I Saw the Light
Tom Hiddleston shines in the role of Hank Williams, but the film just doesn’t sing
I Saw the Light (2016)
Directed by Marc Abraham
Cast: Tom Hiddleston, Elizabeth Olsen
The life of country-western singer Hank Williams would seem to be the very essense of dramatic biography fodder: famous by 23, dead by 29, elevated to iconic status after his premature passing from drugs, alcohol and automotive mishap. And yet, the tumultuous rise and fall of the short-lived musician eludes capture in the rote musical biopic I Saw the Light.
The film stars beloved British boyfriend Tom Hiddleston, best known for his role as Loki in the Marvel Comics adaptations. It co-stars Elizabeth Olsen, best known for her role as Scarlet Witch in the Marvel Comics adaptations. (Pure coincidence. Pretty soon, everyone in Hollywood will have a role in some superhero movie or another.) As anyone who’s dug into the actors’ smaller roles (Midnight in Paris or Only Lovers Left Alive for Hiddleston, Martha Marcy May Marlene or Kill Your Darlings for Olsen), this is looking like a solid starting point. Hiddleston and Olsen are as good as can and should be expected. The two are easily the best thing going in this film. Unfortunately, their passion and effort is not matched by certain other members of the crew who will not remain nameless. I Saw the Light is written and directed by Marc Abraham, a prolific Hollywood producer stepping behind the camera for only the second time. Abraham’s only other directing effort was the similarly dull 2008 biopic Flash of Genius, starring Greg Kinnear ... as Robert Kearns ... you know, the guy who invented intermittent windshield wipers. Steven Spielberg and Tom Hanks couldn’t have made that story interesting.
In I Saw the Light screenwriter Marc Abraham lets down director Marc Abraham by providing him with a script that deftly sidesteps nearly every bit of drama in Hank Williams’ dramatic life. The story jumps right into the middle of it all with young Hank Williams (Hiddleston) getting hitched to Audrey Mae Sheppard (Olsen), a hot-blooded but somewhat less-than-talented country lass with dreams of stardom. Gone are Williams’ formative years, his rough childhood, his battle with spina bifida, his father’s eight-year absence, the bleak climate of the Great Depression, his introduction to music, his famed apprenticeship with black street performer Rufus Payne—basically everything that made Hank Williams who and what he was. I Saw the Light simply takes Hank Williams, the talented, successful stage performer, as a given.

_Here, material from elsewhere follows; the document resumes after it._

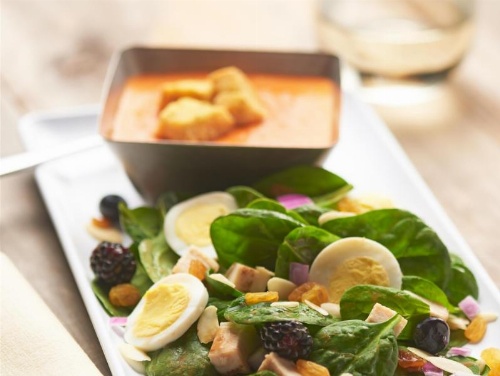 Hyatt House Colorado Springs image 33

Blithely unconcerend with questions of how and why, I Saw the Light leaves us with a handful of credibly performed Hank Williams songs and a lot of standard-issue marital discord. The charismatic Mr. Hiddleston does his best with the material at hand, shining brightest when he’s on stage. Not only does he do an admirable job of choking down his British accent, but the guy can sing. Although he doesn’t sound exactly like the distinctive singer-songwriter he’s portraying, the actor has clearly studied every tic and mannerism Williams had to offer. The result is something quite similar to what Joaquin Phoenix pulled off in 2005’s Walk the Line. In fact, I Saw the Light feels a lot like a pale carbon copy of James Mangold’s Oscar-winning biopic. Or just about any other musical biopic, for that matter. Hank gets rich and famous. He blows a lot of money. He cheats on his wife. His wife gets pregnant. They reconcile for a while. He drinks and does drugs. There’s a divorce. Then more substance abuse. In the end, he dies young—his true potential tragically unfulfilled.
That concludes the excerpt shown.